In 2011, we dealt with 71 takeovers-related transactions and handled 212 applications. We noted an increase in the number of unsolicited offers and cases with increasingly complex deal structures. When reviewing all cases, we sought to ensure that all shareholders were being treated fairly, that a fair and informed market was maintained and that participants complied with the Codes on Takeovers and Mergers and Share Repurchases.
The Takeovers Panel met twice during the year to consider matters referred by the Takeovers Executive4 as particularly novel, important or difficult points were at issue.
Decisions on the two cases considered by the Panel were published in May and June respectively. In one case, the Panel ruled that the party making the acquisition of 29.9% voting rights would not trigger an obligation to make a general offer for Hung Hing Printing Group Ltd, the target company. In the case of Husky Energy Inc, the Panel decided that in the event of its secondary listing the Canadian oil company should not be treated as a Hong Kong public company and as a result the Takeovers Code would not apply to it.
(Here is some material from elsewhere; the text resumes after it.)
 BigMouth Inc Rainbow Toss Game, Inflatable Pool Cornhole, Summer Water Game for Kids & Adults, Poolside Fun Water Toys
We publicly criticised FIL Investment Management (Hong Kong) Ltd (trading under the brand name Fidelity Worldwide Investment in Hong Kong) in November 2011 and Penta Investment Advisers Ltd in March 2012 for breaches of dealing disclosure requirements under Rule 22 of the Takeovers Code. To promote awareness and facilitate compliance in light of the breaches of Rule 22 by local and overseas fund managers, the Takeovers Executive issued a letter to all registered and licensed fund managers in Hong Kong to offer practical guidance on the steps a fund manager might take to ensure timely and appropriate compliance with its dealing disclosure obligations if it is also an “associate” under the Takeovers Code. A wide range of fund managers also received the letter through fund management-related associations in Hong Kong and overseas.
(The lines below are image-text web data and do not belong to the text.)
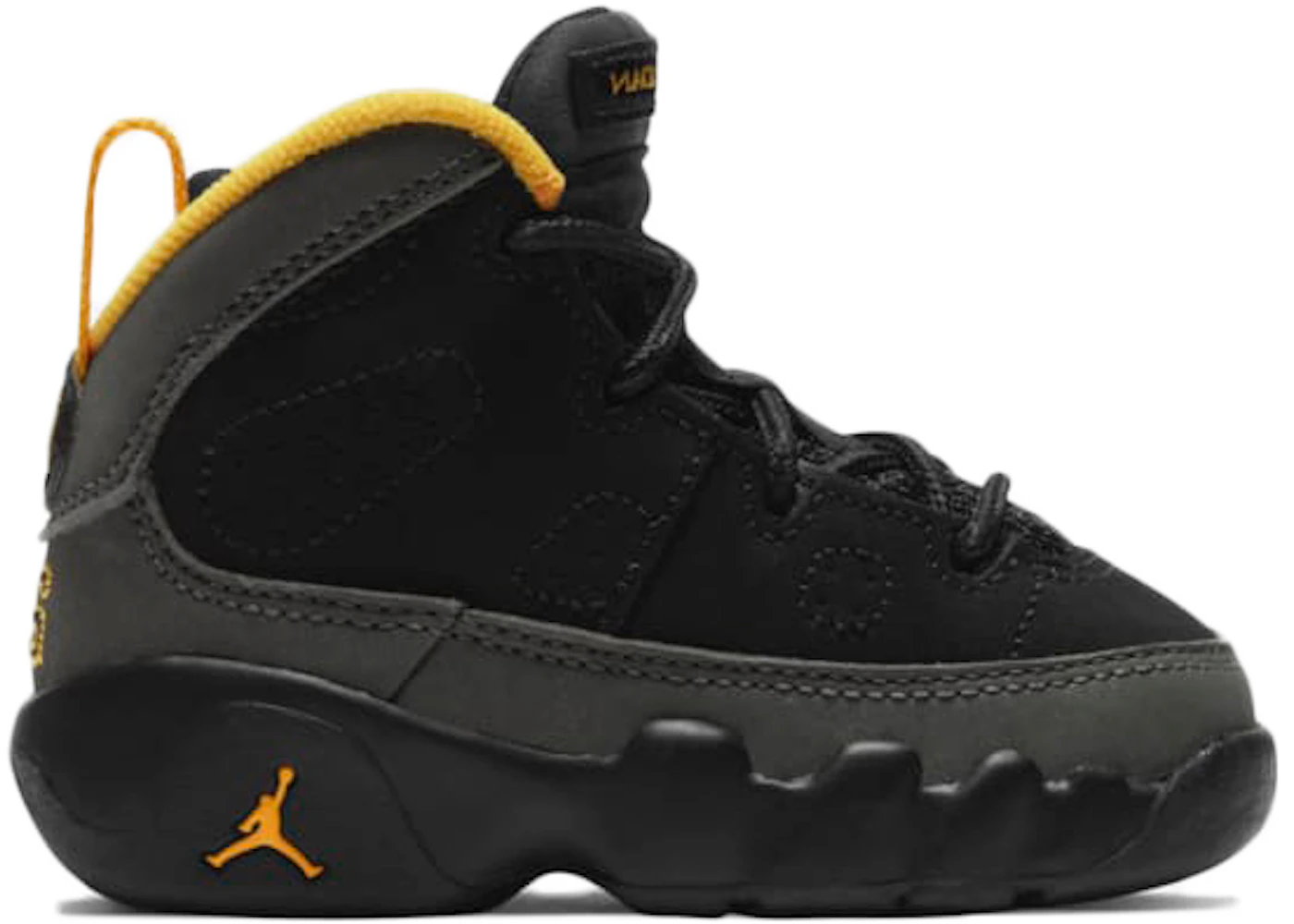 Basketball Shoe Air Jordan 9s University Gold Jordan Retro Dark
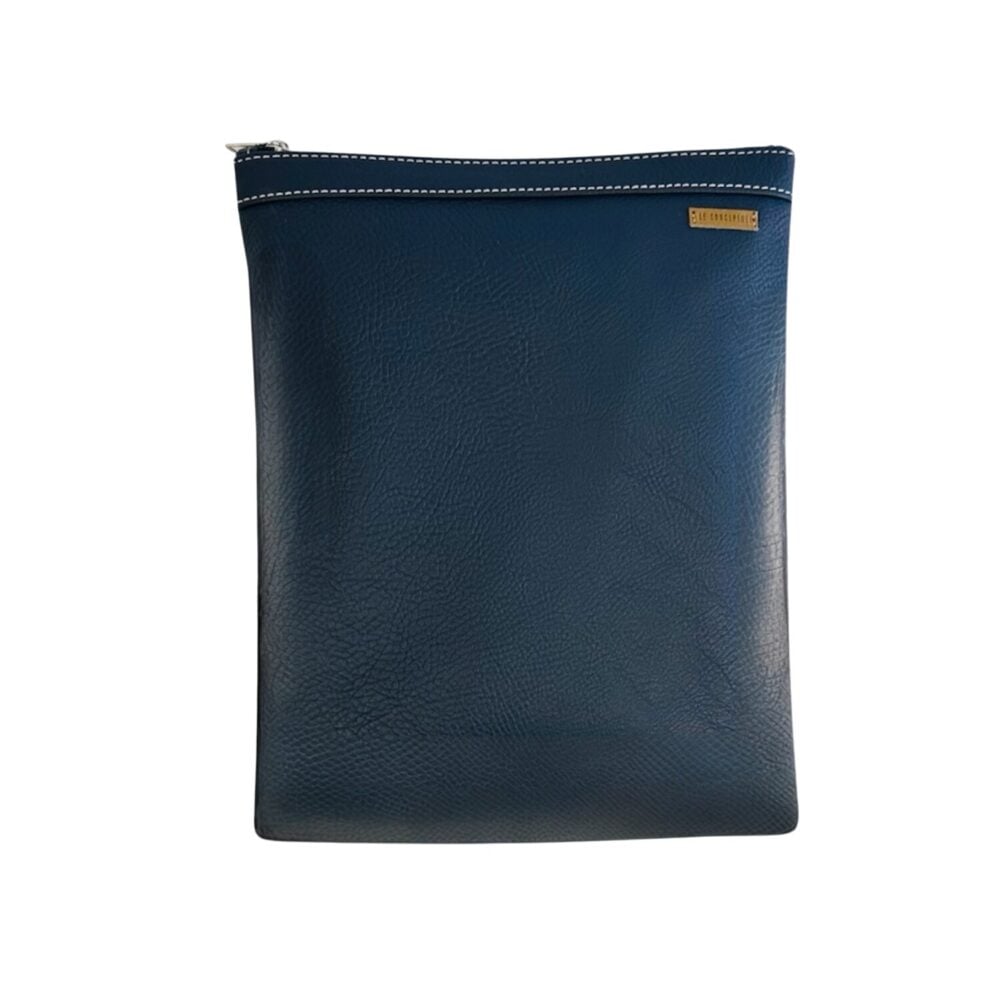 organizador  tv Medium cuero vegano - azul
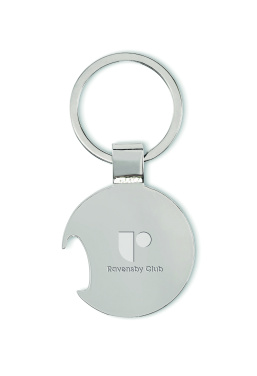 Logo trade promotional gifts picture of: Football keyring with opener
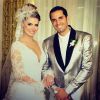 Em março, Latino se casou com Rayanne Morais em uma cerimônia luxuosa no Rio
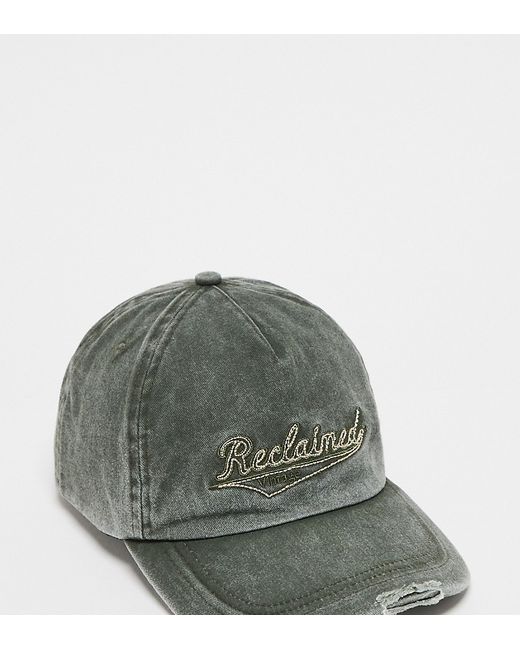 Reclaimed Vintage Y2K trucker cap washed olive-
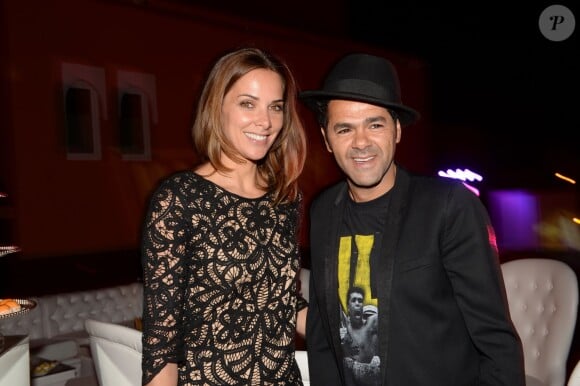 Exclusif - Jamel Debbouze et sa femme Melissa Theuriau au cocktail "Aftershow" dans le cadre du festival Marrakech du Rire 2016. Marrakech, le 4 juin 2016. © Bellack Rachid/Bestimage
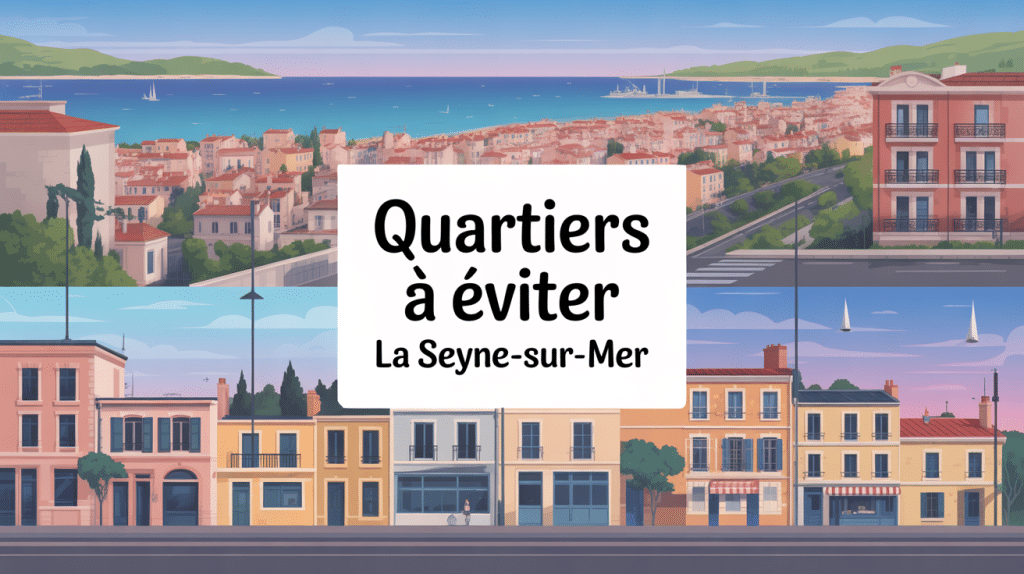 illustration stylisée quartier à éviter la seyne-sur-mer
Separately, following our annual review of SEHK’s performance in the regulation of listing matters, the report for 2010 was published last October. We noted that the operational procedures and decision-making processes used were appropriate to enable SEHK to discharge its statutory obligation – which is, to maintain an orderly, informed and fair market.
We keep the industry updated on latest regulatory developments and compliance concerns. During the year, we published four issues of the Takeovers Bulletin to provide updates and reminders to the industry on takeovers-related matters, such as, dealing disclosure obligations, the rulings of the Takeovers Panel and revised Practice Notes. Meanwhile, through the Dual Filing Update, we reminded sponsors of their professional obligations to understand the applicants’ businesses and to ensure that all fundamental issues are properly addressed before submitting the listing applications.
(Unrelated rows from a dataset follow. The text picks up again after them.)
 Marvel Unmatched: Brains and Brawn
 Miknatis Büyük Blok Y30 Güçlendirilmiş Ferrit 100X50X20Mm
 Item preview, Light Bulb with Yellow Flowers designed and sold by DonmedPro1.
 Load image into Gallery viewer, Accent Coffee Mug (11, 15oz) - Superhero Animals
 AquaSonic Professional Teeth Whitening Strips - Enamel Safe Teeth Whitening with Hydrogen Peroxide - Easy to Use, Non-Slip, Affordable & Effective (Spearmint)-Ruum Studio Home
1The requirements are those stated in the Code of Conduct for Persons Licensed by or Registered with the Securities and Futures Commission and the Corporate Finance Adviser Code of Conduct governing research analysts.
2Part of the Codes on Takeovers and Mergers and Share Repurchases
3Qualified Property Acquisitions refer to acquisitions of government land by listed property developers through public auctions or tenders in Hong Kong and, upon the new rules becoming effective, the Mainland.
4The Takeovers Executive refers to the Executive Director of the Corporate Finance Division of the SFC or any delegates of the Executive Director.